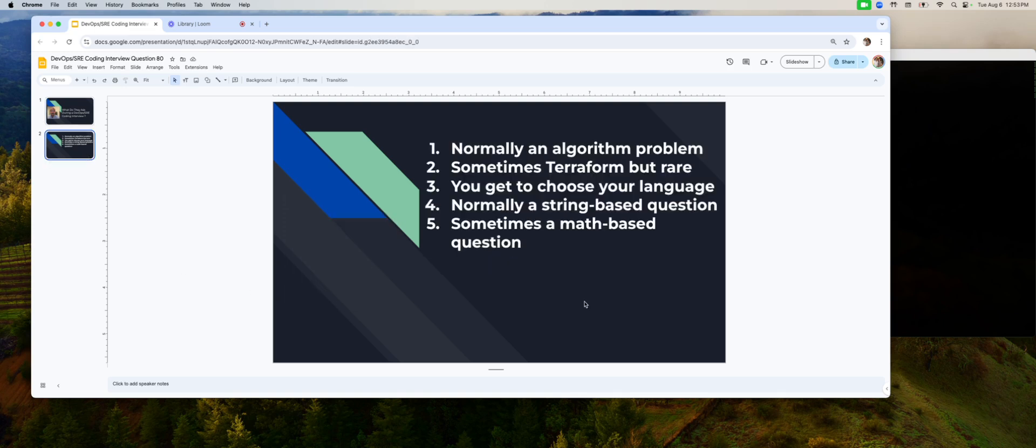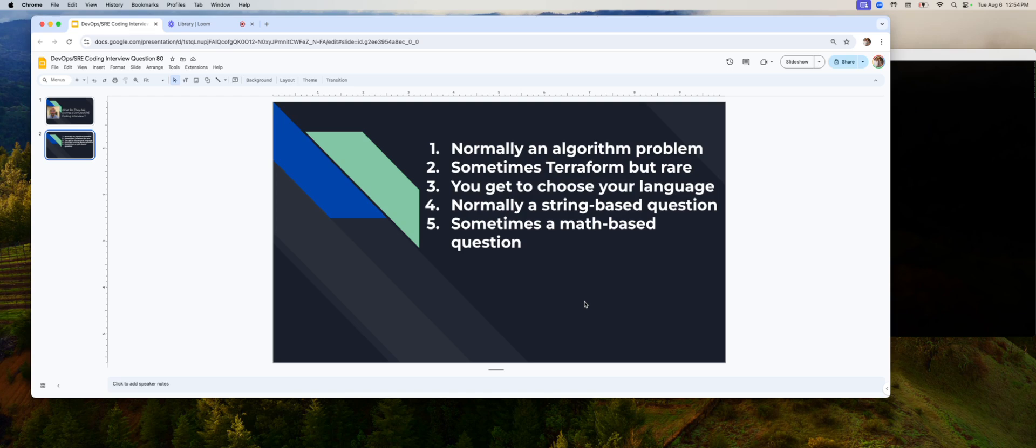So first of all, you are a lot less likely to get a Terraform type coding interview question. Why? Because that requires the interviewing party to set up some kind of access key or something, a JSON file, so you can actually run your code live to test. So that's why normally they don't do that.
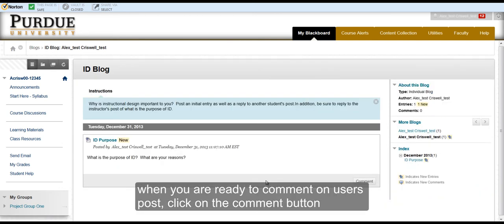When you are ready to comment on a user's post, click on the Comment button at the bottom right corner of the blog.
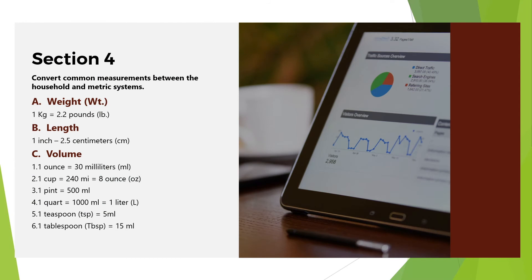Section 4: Convert Common Measurements between Household and the Metric Systems. Weight: 1 kilogram equals 2.2 pounds. Length: 1 inch equals 2.5 centimeters. Volume: 1 ounce equals 30 milliliters; 1 cup equals 240 milliliters or 8 ounces.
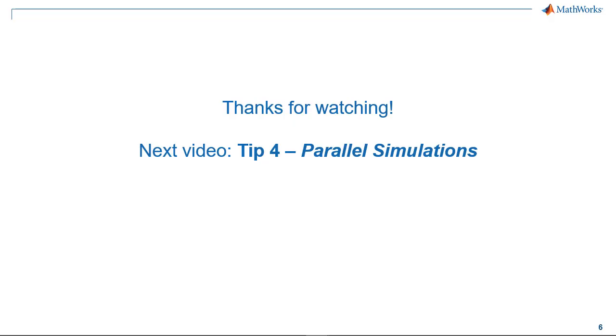Now, if you are interested in learning about running multiple simulations parallelly, please check out the next video.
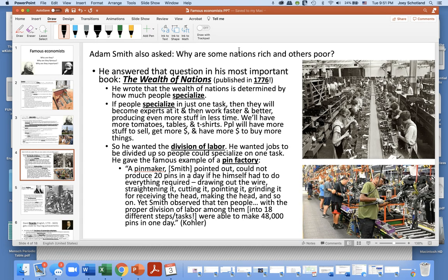Adam Smith also asked: why are some nations rich and others poor? He answered that in his most important book, The Wealth of Nations, published in 1776 when Thomas Jefferson wrote the Declaration of Independence. Adam Smith wrote that the wealth of nations is determined by how much people specialize. If people specialize in just one task, they become experts and work faster and better, producing more in less time — more tomatoes, tables, and t-shirts — and with more to sell, people have more money and can buy more things. Everyone's better off.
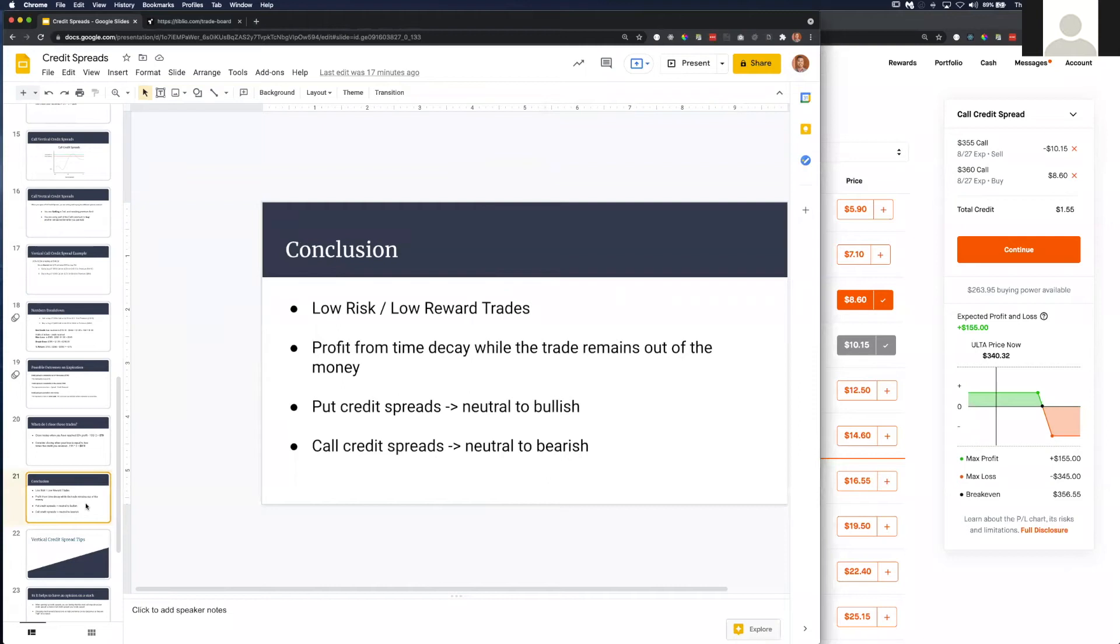In conclusion, call credit spreads and put credit spreads are low risk, low reward strategies.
============================================================
— EXERCISE —
Output the data above verbatim, pictures excluded.

— EXPECTED ANSWER —
So first of all, you are a lot less likely to get a Terraform type coding interview question. Why? Because that requires the interviewing party to set up some kind of access key or something, a JSON file, so you can actually run your code live to test. So that's why normally they don't do that.
When you are ready to comment on a user's post, click on the Comment button at the bottom right corner of the blog.
Section 4: Convert Common Measurements between Household and the Metric Systems. Weight: 1 kilogram equals 2.2 pounds. Length: 1 inch equals 2.5 centimeters. Volume: 1 ounce equals 30 milliliters; 1 cup equals 240 milliliters or 8 ounces.
Now, if you are interested in learning about running multiple simulations parallelly, please check out the next video.
Adam Smith also asked: why are some nations rich and others poor? He answered that in his most important book, The Wealth of Nations, published in 1776 when Thomas Jefferson wrote the Declaration of Independence. Adam Smith wrote that the wealth of nations is determined by how much people specialize. If people specialize in just one task, they become experts and work faster and better, producing more in less time — more tomatoes, tables, and t-shirts — and with more to sell, people have more money and can buy more things. Everyone's better off.
In conclusion, call credit spreads and put credit spreads are low risk, low reward strategies.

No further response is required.